This episode took place in the autumn of 1969, but its inspiration came from the Real World of the year before…...

From Wikipedia:
On 16 May 1968, a gas explosion in the kitchen of an 18th floor flat resulted in the collapse of the entire south-east corner of Ronan Point, a 22-storey east London tower block, killing four people and injuring 17. The disaster led to a loss of public confidence in high-rise residential buildings and resulted in major changes in UK building regulations

Ronan Point was a 22-storey tower block in Canning Town in Newham, East London, which partly collapsed on 16 May 1968, only two months after it had opened. A gas explosion blew out some load-bearing walls, causing the collapse of one entire corner of the building, which killed four people and injured 17. Although there were few casualties, the spectacular nature of the failure (caused by both poor design and poor construction), led to a loss of public confidence in high-rise residential buildings, and major changes in UK building regulations resulted.

At approximately 5:45 am on 16 May 1968, resident Ivy Hodge went into her kitchen in flat 90, a corner flat on the 18th floor of the building, and lit a match to light the gas stove for a cup of tea. The match sparked a gas explosion that blew out the load-bearing flank walls, which had been supporting the four flats above. It is believed that the weaknesses were in the joints connecting the vertical walls to the floor slabs. The flank walls fell away, leaving the floors above unsupported and causing the progressive collapse of the south-east corner of the building.

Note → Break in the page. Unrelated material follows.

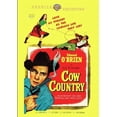 thumbnail image 1 of Cow Country (DVD), Warner Archives, Western, 1 of 1
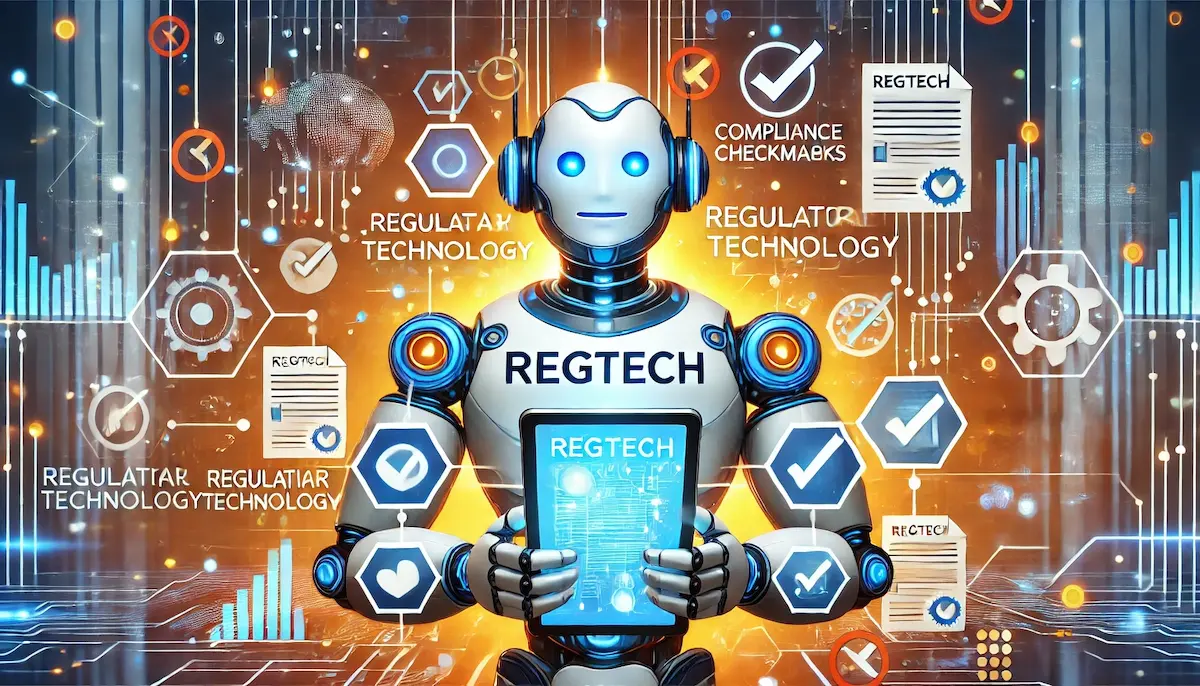 Blockfine.com Regtech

The building had just opened, and three of the four flats immediately above Hodge's were unoccupied. Four of the 260 residents were killed immediately and seventeen were injured, including a young mother who was stranded on a narrow ledge when the rest of her living room disappeared. Hodge survived, despite being blown across the room by the explosion—as did her gas stove, which she took to her new address.